(Supplied material):
* * * * *

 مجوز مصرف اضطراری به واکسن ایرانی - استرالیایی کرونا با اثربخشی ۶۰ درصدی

* * * * *

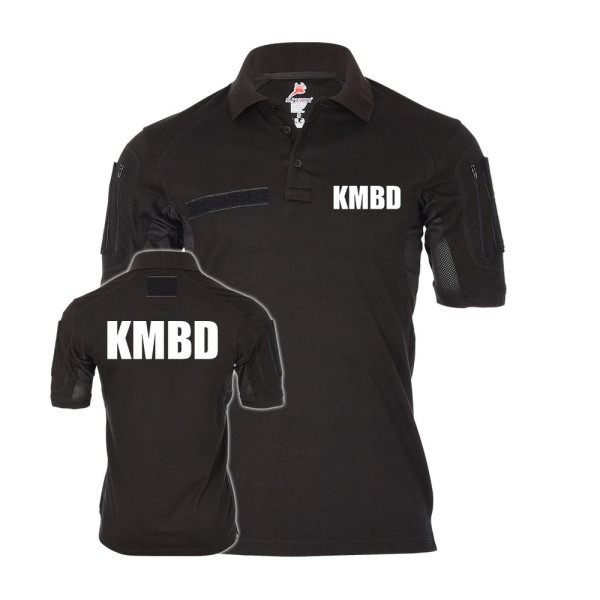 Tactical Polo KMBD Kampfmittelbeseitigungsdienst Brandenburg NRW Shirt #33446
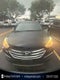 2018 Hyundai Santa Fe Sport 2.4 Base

* * * * *

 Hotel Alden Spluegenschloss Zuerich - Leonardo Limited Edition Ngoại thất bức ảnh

* * * * *

(Task to carry out):
Your reply should hold nothing but the lines above, from the one containing "Tactical Polo KMBD" to the one containing "2018 Hyundai Santa Fe Sport 2.4 Base", reproduced exactly minus the pictures.

(Solution for this exercise):
 Tactical Polo KMBD Kampfmittelbeseitigungsdienst Brandenburg NRW Shirt #33446
 2018 Hyundai Santa Fe Sport 2.4 Base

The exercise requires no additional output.